May 30, 2020

Church Furthers Cause of the Martyrs of Casamari

The Martyrdom of Simeon Cardon
and his Five Companions
On Wednesday, May 27, Pope Francis advanced the causes for canonization of twelve holy men and women, including the Venerable Fr. Michael McGivney, founder of the Knights of Columbus and Blessed Charles de Foucauld, a French hermit murdered in Algeria. The new decrees recognize various miracles as well as the martyrdom of Servant of God Fr. Cosma Spessotto in El Salvador and Servants of God Simeon Cardon and his five companions at the Abbey of Casamari in the Kingdom of the Two Sicilies. While all are a cause for celebration, the promulgation of the Martyrs of Casamari holds a special significance to us.

During the French invasion of the Kingdom of Naples in 1798, Napoleon’s Grande Armée installed the short-lived and widely unpopular Parthenopean Republic, a treacherous Franco-Jacobin satellite state propped up with French bayonets. Though Sicily remained in control of the Bourbons, the brutal conquest of the Neapolitan portion of the Kingdom was violent and bloody, and as so often is the case with anti-Bourbon historians, the abominable crimes of the Republic receive little to no attention in comparison to the loyalists’ reprisals.

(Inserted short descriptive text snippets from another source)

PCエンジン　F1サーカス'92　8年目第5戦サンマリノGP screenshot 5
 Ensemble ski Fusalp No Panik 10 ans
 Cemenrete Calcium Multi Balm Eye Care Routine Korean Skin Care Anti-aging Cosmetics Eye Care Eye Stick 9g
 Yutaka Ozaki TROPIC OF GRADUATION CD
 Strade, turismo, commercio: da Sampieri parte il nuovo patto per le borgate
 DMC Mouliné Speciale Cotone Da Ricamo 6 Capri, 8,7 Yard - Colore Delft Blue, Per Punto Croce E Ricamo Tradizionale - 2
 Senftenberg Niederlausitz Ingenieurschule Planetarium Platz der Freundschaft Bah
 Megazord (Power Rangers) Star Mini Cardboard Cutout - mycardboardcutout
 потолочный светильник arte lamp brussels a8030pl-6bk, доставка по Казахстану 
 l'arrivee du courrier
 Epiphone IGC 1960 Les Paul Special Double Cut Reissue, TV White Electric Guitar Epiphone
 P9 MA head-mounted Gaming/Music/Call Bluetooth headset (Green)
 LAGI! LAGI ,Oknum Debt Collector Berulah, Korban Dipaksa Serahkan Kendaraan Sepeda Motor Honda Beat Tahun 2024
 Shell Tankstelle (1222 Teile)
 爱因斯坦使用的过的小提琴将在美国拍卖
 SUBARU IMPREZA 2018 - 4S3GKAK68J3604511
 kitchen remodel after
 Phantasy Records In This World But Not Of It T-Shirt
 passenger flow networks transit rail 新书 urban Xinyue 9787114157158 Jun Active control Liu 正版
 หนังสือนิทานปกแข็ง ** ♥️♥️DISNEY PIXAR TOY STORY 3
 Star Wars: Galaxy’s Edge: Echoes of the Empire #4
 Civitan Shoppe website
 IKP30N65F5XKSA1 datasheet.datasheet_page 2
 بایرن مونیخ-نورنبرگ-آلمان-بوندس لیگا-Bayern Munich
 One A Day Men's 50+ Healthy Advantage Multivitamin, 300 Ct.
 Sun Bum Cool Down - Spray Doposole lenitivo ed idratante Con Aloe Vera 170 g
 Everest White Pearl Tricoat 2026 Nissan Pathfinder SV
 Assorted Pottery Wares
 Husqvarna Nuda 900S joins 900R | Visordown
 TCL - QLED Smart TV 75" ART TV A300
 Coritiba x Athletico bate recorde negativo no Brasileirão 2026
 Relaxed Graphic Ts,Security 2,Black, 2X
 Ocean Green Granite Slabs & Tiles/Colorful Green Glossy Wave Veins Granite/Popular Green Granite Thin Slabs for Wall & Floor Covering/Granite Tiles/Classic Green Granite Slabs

Among the many atrocities committed by the so-called “enlightened” conquerors, was the massacre of six Cistercian friars on May 13, 1799 at the Gothic Abbey of Casamari, bordering the Papal States. Following the capture of Naples, a band of French men-at-arms returning northward came upon the ancient Abbey. Welcomed by the prior Simeon Cardon, a Frenchmen who only a few years earlier fled the revolutionary atrocities in his homeland, the soldiers sacked and desecrated the church in hatred of the faith (Odium fidei). As Cardon and the five other friars attempted to recover the Consecrated Hosts strewn across the sanctuary floor they were shot and murdered in cold blood. After the departure of the soldiers, the martyrs were interred in the Church by the surviving monks.

Closed by Napoleon in 1811, the Abbey recovered with the restoration of the Bourbons. Suppressed again by the Italian State in 1873, it was stripped of its assets. Amazingly, the Cistercians did not abandon the abbey and it continues to be a popular religious destination today for tourists and pilgrims alike. In commemoration, I’m posting a Prayer for the Blessed Martyrs Simeon Cardon and Five Companions:
We humbly beseech the mercy of your majesty, almighty and merciful God, that, as you have poured the knowledge of your Only Begotten Son into the hearts of the peoples by the preaching of the blessed Martyrs Simeon Cardon and five companions, so, through their intercession, we may be made steadfast in the faith. Through our Lord Jesus Christ, your Son, who lives and reigns with you in the unity of the Holy Spirit, one God, for ever and ever. Amen.
~ Giovanni di Napoli, May 29, Feast of Santa Maria Maddalena dei Pazzi
Addendum: On a sad note, we learned that Don Eugenio Romagnuolo, Abbot at Casamari, recently passed away from Covid-19. Our thoughts and prayers are with Don Romagnuolo, his family, friends and brethren, as well as the parishioners at Casamari. Requiescat in pace.